I’m not a TV producer, but even I thought the judges missed a potential opportunity to at least create some great reality-show drama when they passed on Brielle Von Hugel and her tenacious stage mom.
Yes, Brielle, who, like a boxer, speaks of herself in the third person, is a decent singer at best. But I am willing to put a year’s salary on the line if curly crooner and wild-card survivor Deandre Brackensick has even an iota of the success the judges and Jimmy said he did — outside of being a hair model or a joke appearance on “The Simpsons” in a Sideshow Bob gag.

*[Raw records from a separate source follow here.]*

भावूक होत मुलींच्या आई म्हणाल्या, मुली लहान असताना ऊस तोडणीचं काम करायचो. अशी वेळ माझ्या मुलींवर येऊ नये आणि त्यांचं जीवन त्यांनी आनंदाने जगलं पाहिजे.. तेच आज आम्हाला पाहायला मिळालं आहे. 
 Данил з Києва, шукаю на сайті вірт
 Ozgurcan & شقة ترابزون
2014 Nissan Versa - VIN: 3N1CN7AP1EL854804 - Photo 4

It’s ironic that the shiny, happy panel saved one of their only negative assessments so far this year for Von Hugel, the one person who could put some “show” into their business.
Frankly, the only contestants in the mix I think are even halfway relevant are emo-ish Colton Dixon, soul man Joshua Ledet and power belter Elise Testone. Among those, only Dixon looks or sounds like someone a record label could legitimately turn into a star, and I have a sinking feeling you’ll boot him well before May.
Lopez told “Access Hollywood” that she thinks this season’s finalists are “even stronger than last year.” In my world, that is somewhere below faint praise and just north of wishful thinking.
I like to see and hear a variety of sounds — hip-hop, blues, rock, etc. — and see a diverse top 13. While you clearly pine for a bumper crop of blondes who sound like county fair stage-fillers and Adele-abees and generic male crooners or “quirky” vocalists who are kinda like, but no better, than the established stars they grew up imitating in their bedrooms.
Conventional wisdom has it that, as a show ages, so does its audience. So, I dunno, America, maybe we just want different things.
You love theme shows like next week’s Stevie Wonder tribute, while I’m more interested in hearing the contestants sing the songs of today (though not the same one twice in one show) and edgier, more relatable acts that can break the drought of platinum-selling “Idol” winners.
Think about it. Until last year’s winner Scotty McCreery, only three “Idol” winners’ debuts had hit the #1 spot on the Billboard 200, and those were from season-one winner Kelly Clarkson, season two’s Ruben Studdard and season four’s Carrie Underwood.
I call that a serious rut and you’re in it, and at this point you can’t blame the judges anymore. You voted for these folks, and since I don’t see another Carrie or Kelly in this mix, the best I can hope for at this point is that you prove me wrong.